Online anti-feminist movement is providing route into far-right, anti-extremist charity warns
The UK is second in the world for traffic to a number of websites linked to the 'manosphere' behind only the USA
Britain's online anti-feminist movement is providing a gateway into other areas of extremism, including the alt-right and far-right, according to intelligence gathering by anti-racism charity Hope not Hate.
The organisation has warned that the so-called manosphere - made up of websites, forums, blogs and vlogs around various strands of the anti-feminist movement - has been "integral to the growth of the alt-right", attracting a "younger contingent" of men in their teens to early 20s.
The manosphere was examined as part of the charity's annual 'State of Hate' report, released on Monday.

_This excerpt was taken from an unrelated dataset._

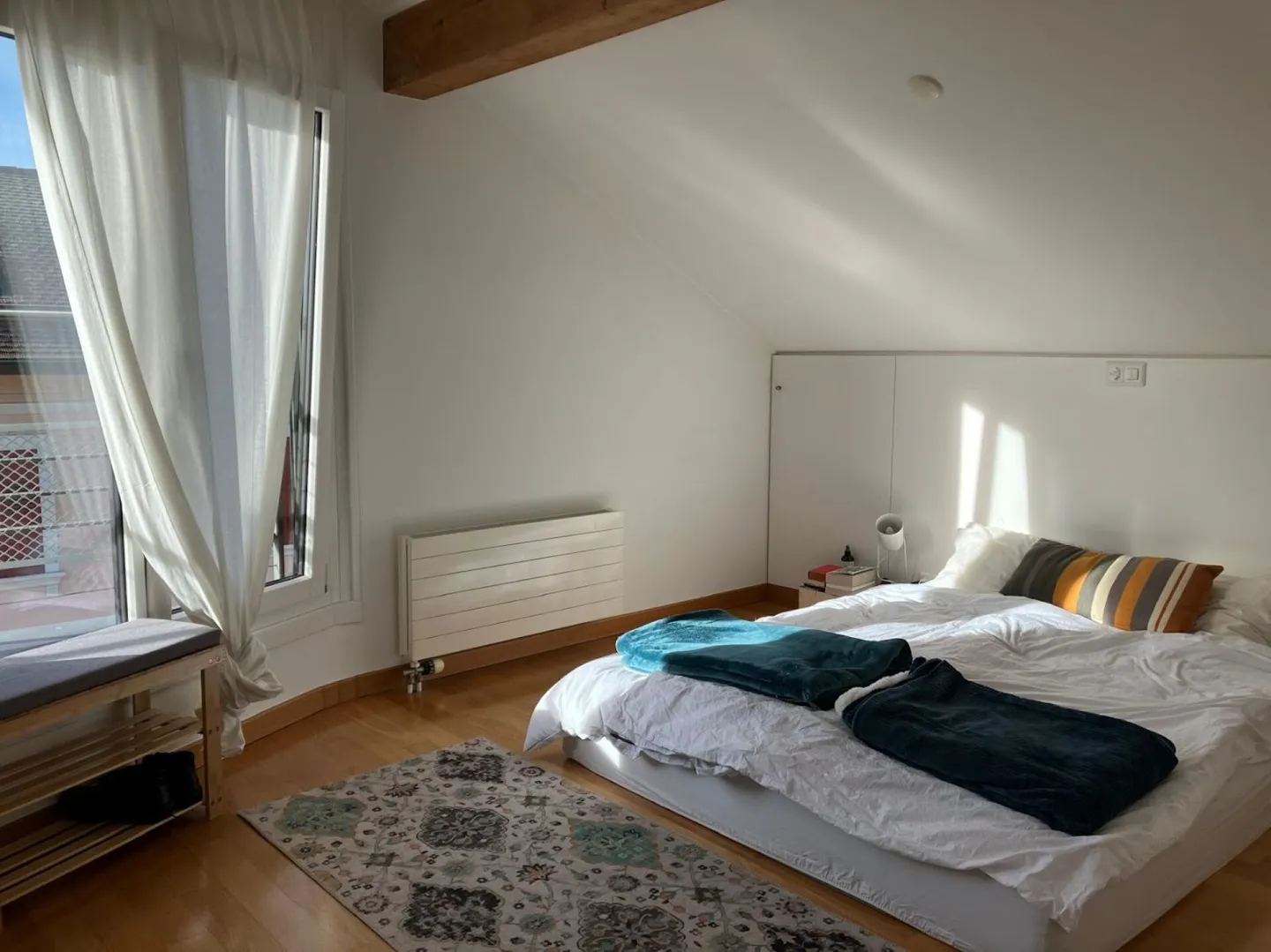 Attic with mezzanine and panoramic view of the lake and mountains! - Photo 11 of 20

The research identified various sects of anti-feminist online thought, including men's rights activists, men 'going their own way', pick-up artists and the violence-linked involuntary celibate (incel) movement.
Speaking to JOE, Hope not Hate researcher Simon Murdoch, said: "There have been documented cases of people who have left that world saying ‘that was my route in’.
"It’s not going to be the route in for everyone, other people will come into alt-right or far-right politics through different routes, but it has served as a route for some people."
He added: "But even people in the manosphere who say they reject these other extreme areas of politics - even if they have extreme views on women and gender - see themselves as victims of political correctness in the same way as people in the alt-right see themselves."
Research into the manosphere by the charity found that the UK is second in the world only to the USA for traffic to a number of high profile misogynistic websites.
The intersection of extreme gender and race politics can be seen in the politics of alt-right figureheads such as Paul Joseph Watson. Despite claiming not to be far-right, the vlogger has made anti-feminism a key part of his messages, distributed to hundreds of thousands of followers via his social media platforms.
"More than ever there's an opportunity for people to come into contact with this stuff online," Murdoch said. "People can come across fringes of this stuff in the YouTube community, for example, or if they're already interested in broader more mainstream far-right stuff like Joseph Watson they might start to come into it through that.
"But the real dedicated forums and websites that consciously are part of the manosphere are still very niche. Like most extreme politics you have to have been interested in following these communities for a while."
The research comes as part of a wider look into extremism in the UK. The Hope not Hate report found that the extreme far-right is becoming younger, with an increasing threat level from far-right 'lone actor' terrorism. Five of the world’s top 10 far-right activists, in terms of social media reach, were also found to be British.